May 2011 - Louisville, KY: Since C2 specializes in performance tuning of OEM VW ECUs, it was only natural that when our Software Engineer, Ryan Potter wanted to build an E30 Turbo BMW with an M30B32 motor swap; what makes more sense than to ditch the 1984 BMW batch-fire-fuel-injection with distributor to VW Coilpack ME7 12V VR6 engine management ! ! ! That’s what EVERYONE would do…right? 
We wanted to post up some preliminary pictures of the status of the build…which is now running on fully functioning Bosch ECU. Stay tuned as we bring you updates as the car continues to undergo the evolution.


*1987 E30 325I*

Custom cage
Bilstein shocks
IE Springs
Speedline wheels
wheel Stud conversion
UUC Sway bar kit
Spearco bmw strut bar
Autometer gauges. Oil pressure , EGT, Water temperaute,volt,boost, 
PLX M-300 wideband
Bride lowmax seats
Longacre race mirror

*1984 733i M30B32 engine *

Custom rocker arm stoppers
Custom turbo manifold
Holset H1C 21cm turb


----------



## GTijoejoe (Oct 6, 2001)

.... this may get interesting :sly:


----------



## MrCornBread (Oct 13, 2003)

interested. the m30 swap looks right at home in there.
What fuel/injector size/power goals?


----------



## DieGTi (Jun 19, 2001)

I like this kind of stuff.

It's hard to tell but is that the MAF sensor on the driver's side near the upper rad hose? If so, stable flow readings using the blow through? Far enough along to notice saturation limits? 

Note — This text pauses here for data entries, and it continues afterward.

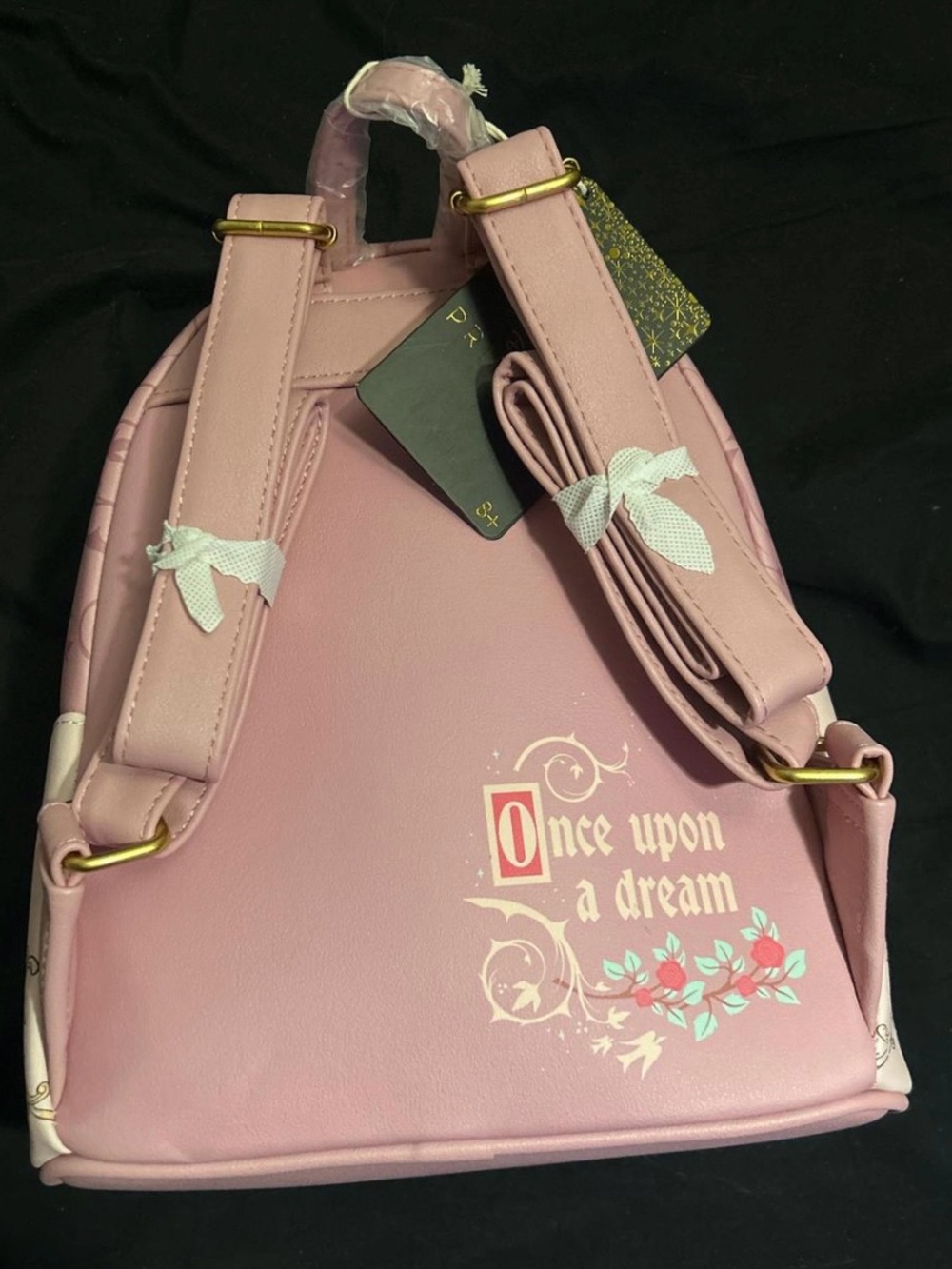 Loungefly Pink "Once Upon a Dream" Women's Mini Backpack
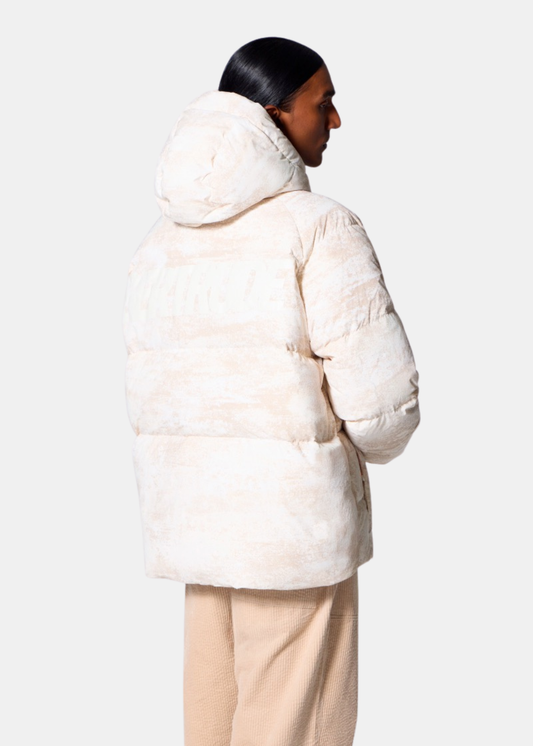 Doudoune oversize mixte Azael Print - beige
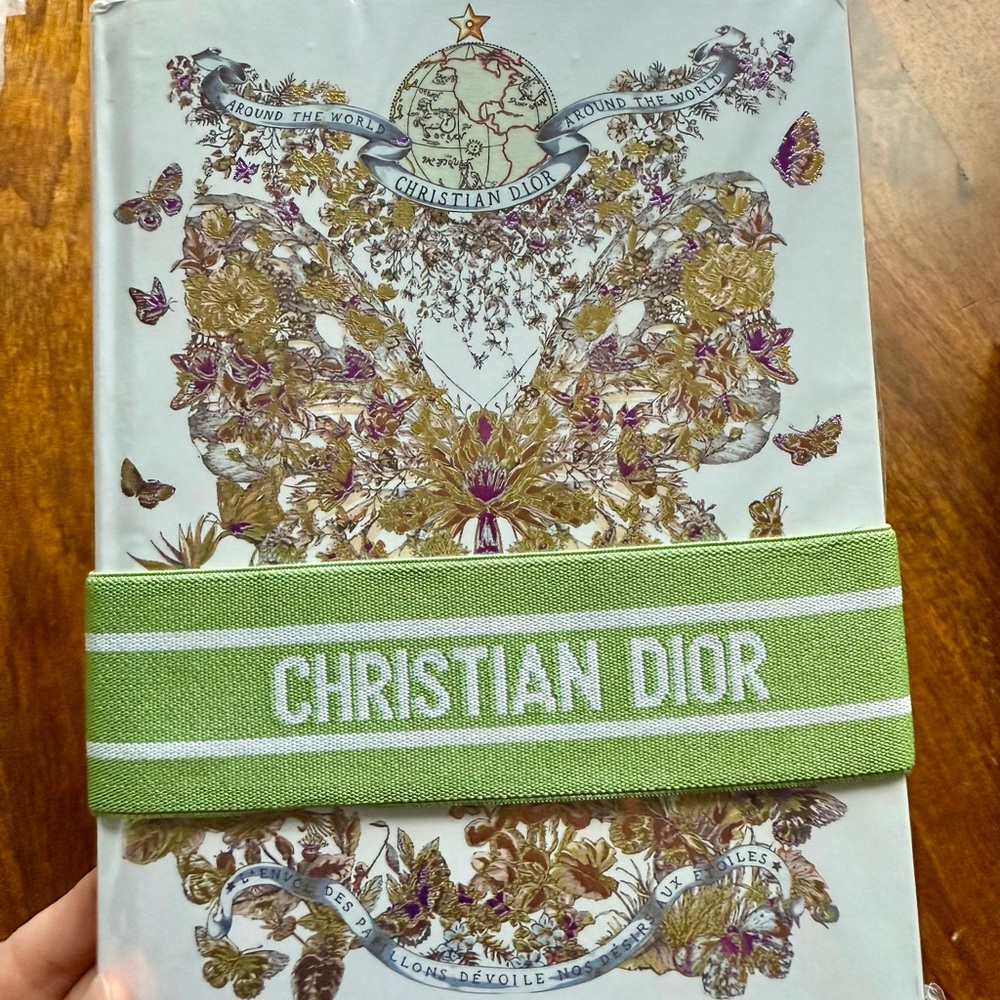 Christian Dior Around the World Butterfly Notebook Journal with Headband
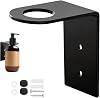 Soap Bottle Holder Wall Mounted, Black Shower Dispenser Wall Mounteds Soap Dispenser Walls Equipped with Screws, Walls Mounted Storage for Kitchen and The Bathroom Soaps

Care to share any details on the trigger wheel? Beyond that I imagine it would be laying down the wire/hardware to match the bmw firing order to the vw ecu outputs. Or did you play with the order in the software(probably easier to extend/shorten wires than reprogram output channels)? 

Knock detection? I had a 533i for awhile and know the chains can be noise makers... phantom knock prone. Stout engines - should be a blast with a turbo. 

Looks like fun.


----------



## Dave926 (Mar 30, 2005)

I believe TDC on a vw engine using crank triggers is on tooth #13.

Kinda silly to run VW management on a BMW, for the amount of work I would have ran MS3 of some sort.

Either way to each his own, nice project.


----------



## kamahao112 (Nov 17, 2007)

Dave926 said:


> I believe TDC on a vw engine using crank triggers is on tooth #13.
> 
> Kinda silly to run VW management on a BMW, for the amount of work I would have ran MS3 of some sort.
> 
> Either way to each his own, nice project.


i would have just dropped in a ls1


----------



## DieGTi (Jun 19, 2001)

^No way. Work with what you have and limit the down time especially when the work required is in your "wheel house".


----------



## [email protected] (Jul 27, 2010)

painted some parts. looking good 

pictures are unedited and straight off camera!


----------



## GTijoejoe (Oct 6, 2001)

good stuff, so glad you cleaned up the oil feed line :laugh:
(@ the first pics I was like WTF?)


----------



## [email protected] (Jul 27, 2010)

GTijoejoe said:


> good stuff, so glad you cleaned up the oil feed line :laugh:
> (@ the first pics I was like WTF?)


----------



## vento86 (Oct 13, 2008)

opcorn: in for burn out videos


----------



## [email protected] (Jul 27, 2010)

vento86 said:


> opcorn: in for burn out videos


haha. i will be posting some pictures from the dyno and the chart here today in a little bit. we have some videos but probably wont get those up until monday.


----------



## [email protected] (Jul 27, 2010)




----------



## EL DRIFTO (Jul 11, 2004)

sounds easier than moving the driver's seat back 1' opcorn:


----------